What the task requires
Whatever appears in the records apart from pictures must be reproduced exactly.

Source material Block Start

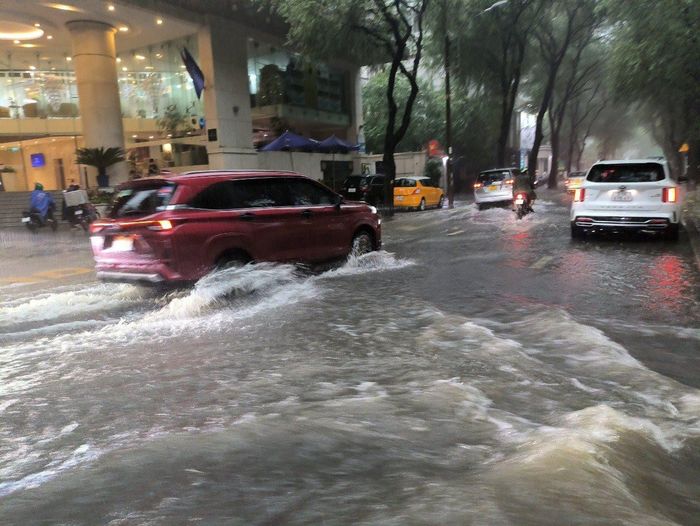 Mưa to gây ngập úng nhiều khu vực trong thành phố.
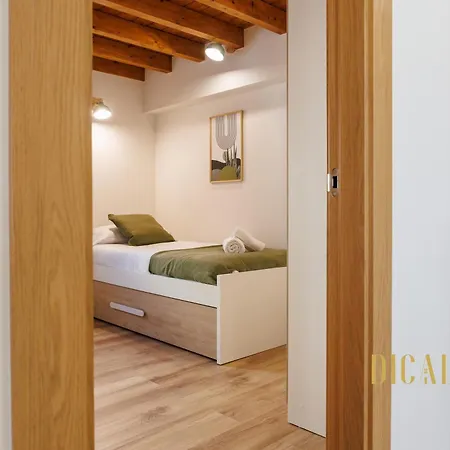 Piso Familiar Centro דירה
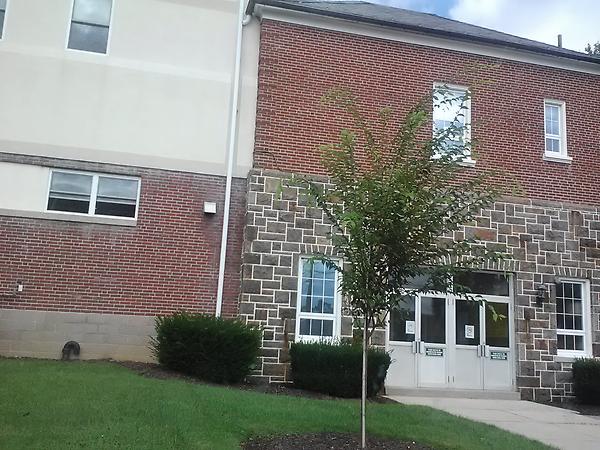 lucibrienza's tweet image. St. Anne's #ewww #CatholicSchool #notmissingthis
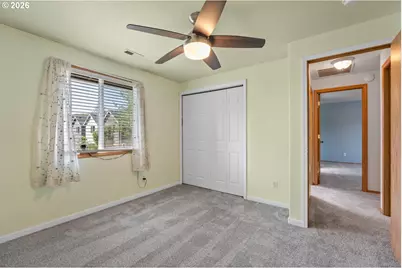 6860 N Swift St, Portland, OR 97203 - Photo 22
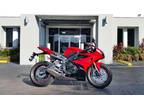 2013 Triumph Daytona 675 - Diablo Red / Jet Black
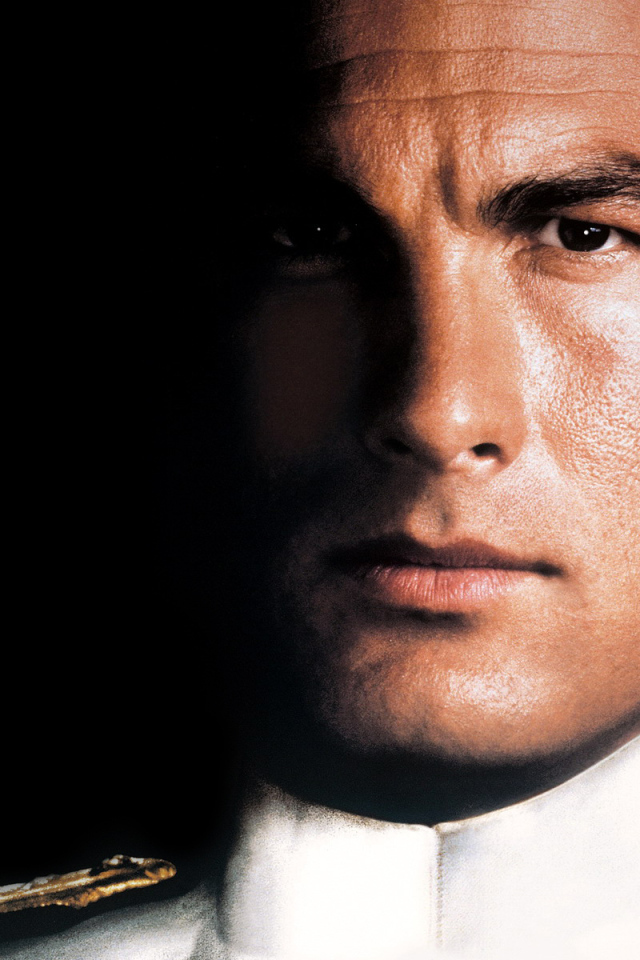 Известный Стивен Сигал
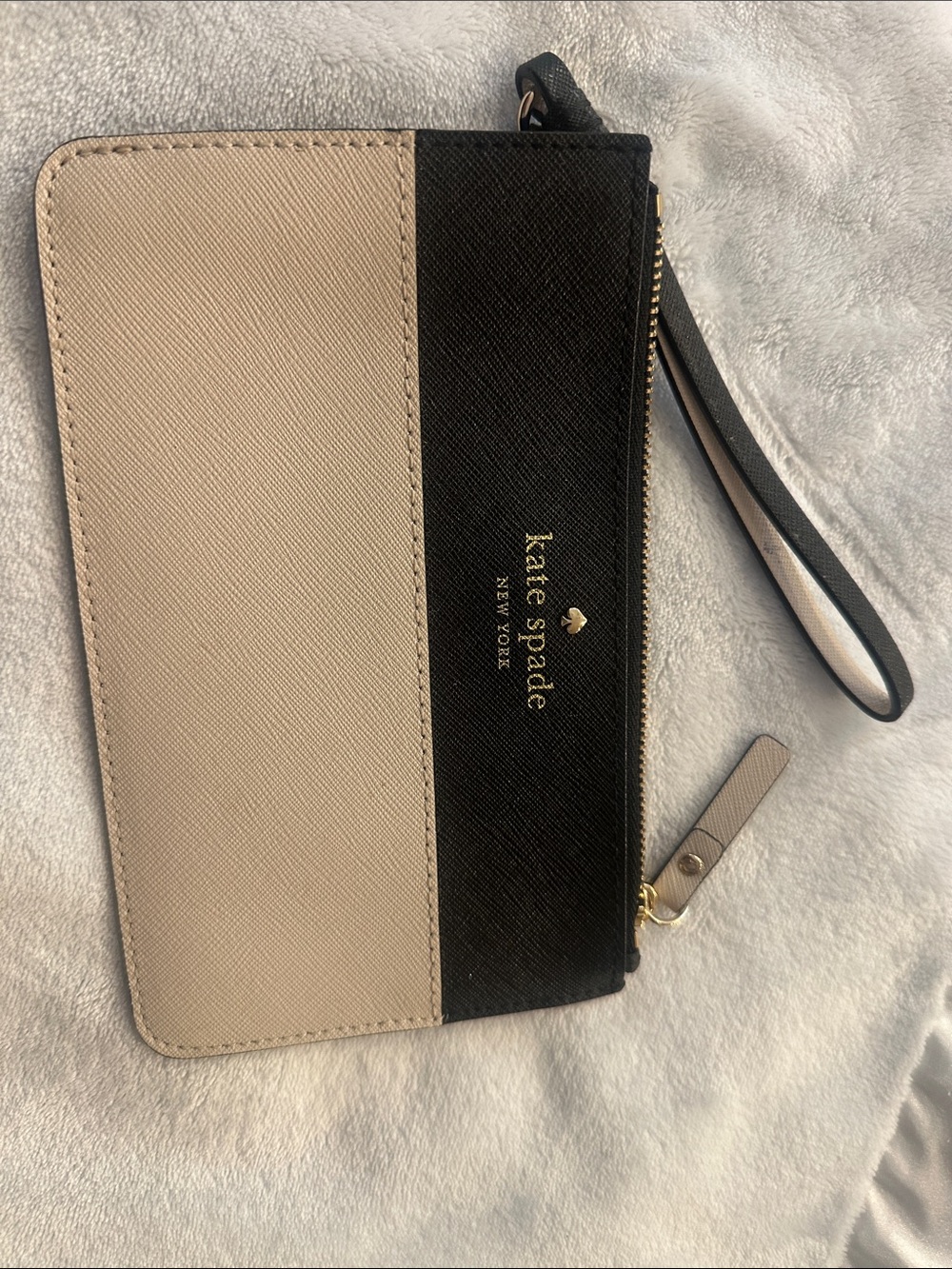 kate spade Black and Beige Two-Tone Wristlet.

Source material Block End

Expected answer
 Mưa to gây ngập úng nhiều khu vực trong thành phố.
 Piso Familiar Centro דירה
 lucibrienza's tweet image. St. Anne's #ewww #CatholicSchool #notmissingthis
 6860 N Swift St, Portland, OR 97203 - Photo 22
 2013 Triumph Daytona 675 - Diablo Red / Jet Black
 Известный Стивен Сигал
 kate spade Black and Beige Two-Tone Wristlet.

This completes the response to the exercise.